Ayçiçeğinin göz önünde olduğu için tepki çektiğini söyleyen Türkkan, hububat fiyatlarındaki artışın et ve süt ürünlerini etkileyeceğine dikkat çekti:

“İktidar ayçiçeğinde beceriksiz değil, tarımın tamamında beceriksiz. 20 sene bu işleri yapmak için güzel bir zaman, bunları organize edebilirdi. Ondan öncekilerin yapamadığı gibi bu iktidar da yapamadı. Peki, niye sadece ayçiçeği?  Doğrudan markette milletin göz önünde olduğu için. Soyadaki arpadaki aynı fazlalık milletin farkında değil. Geçen sene 90 lira olan besi yemi şu an 150 lira. Süt ürünleri ve et artar. Peynir fiyatları artıyor diye bağırılıyor. Aslında artan hububat fiyatlarıdır. Türkiye 1 milyon 250 bin ton yağ tüketiyor. Bunun için Türkiye’nin 3.5 milyon ton çekirdek üretmesi lazım. Ne kadar üretiyoruz biz? 1 milyon ton. Komşu ülkelere ihracatlara 1 milyon ton gidiyorsa Türkiye 3.5 milyon ton çekirdek ithal etmek zorunda.”

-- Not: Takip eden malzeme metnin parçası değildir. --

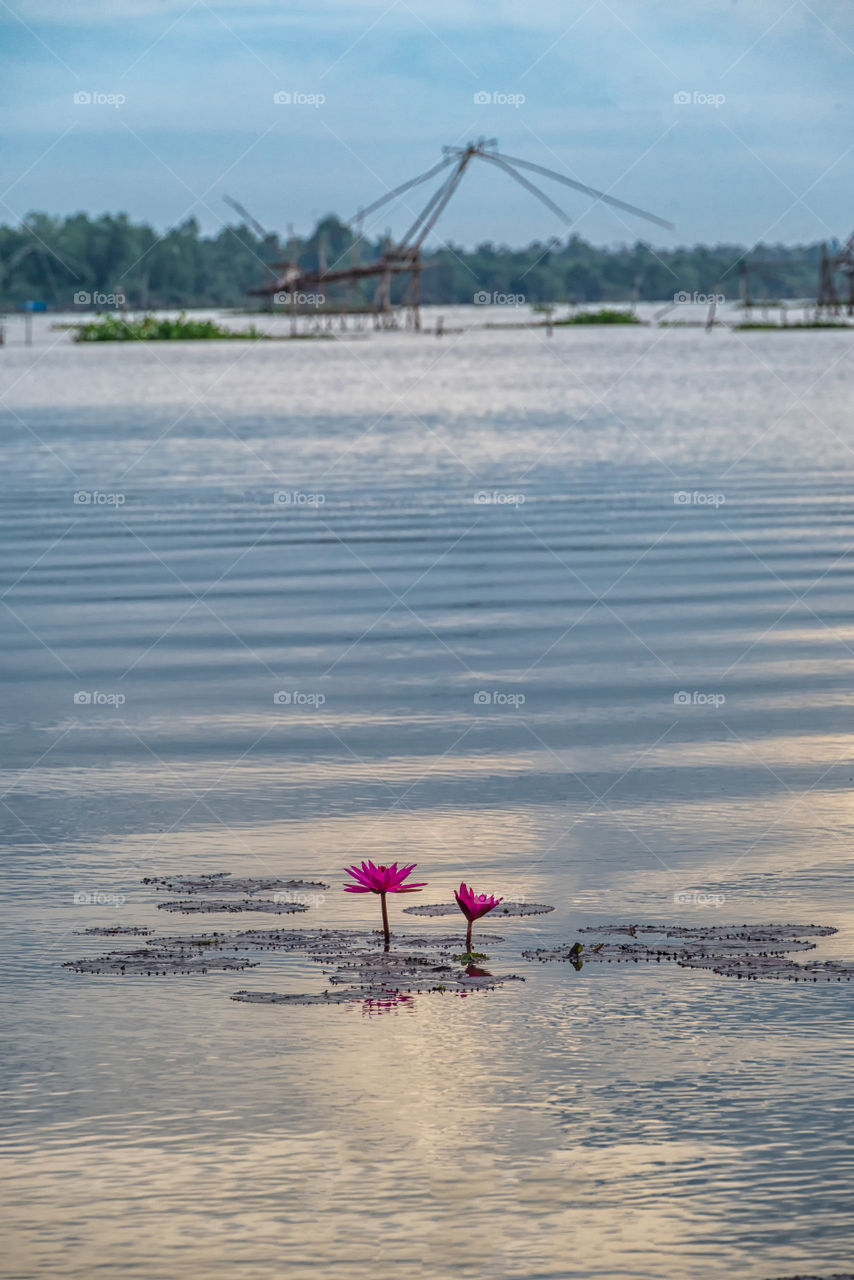 Freedom in the nature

‘Bir fabrikanın üretime geçmesi asgari 4 sene, bugün karar verirseniz seneye ürününüz ambarda olur’

Türkkan, tarıma sübvansiyon çözümünün Türkiye’de şehirlerdeki istihdam eksikliğine de çözüm olacağını “Her tarla bir fabrikadır. Bir fabrikanın üretime geçmesi asgari 4 senedir. Bugün karar verirseniz seneye sizin ürününüz ambarda. Karar vereceksiniz. Ben mazotu ve gübreni sana bu şekilde sübvanse ediyorum, tohumunu veriyorum. Malını da 1’e değil 1.5’e alıyorum. İnsanlar deli gibi köyüne koşar. Türkiye’nin şehirlerde toplumsal bir sorun haline gelen istihdam sorununa da bir çözüm bulunmuş olur. Patates mümessili bir Tarım Bakanı’nın yapacağı bir iş değil. Ciddi anlamda masaya yatırıp yerli ve milli duygularla bu konuda plan yapan bir adam önümüzdeki senelerde tarım sorununu çözer. Tarımı ve ağaçlandırmayı özendirecek bir takım teşvikler getirirseniz Türk insanı çok kolay becerir. Zaten bizim genetik kodlarımızda var, hemen döner yaparız. Yeter ki efendi olmaktan başka para kazandığını görsün” diye anlattı.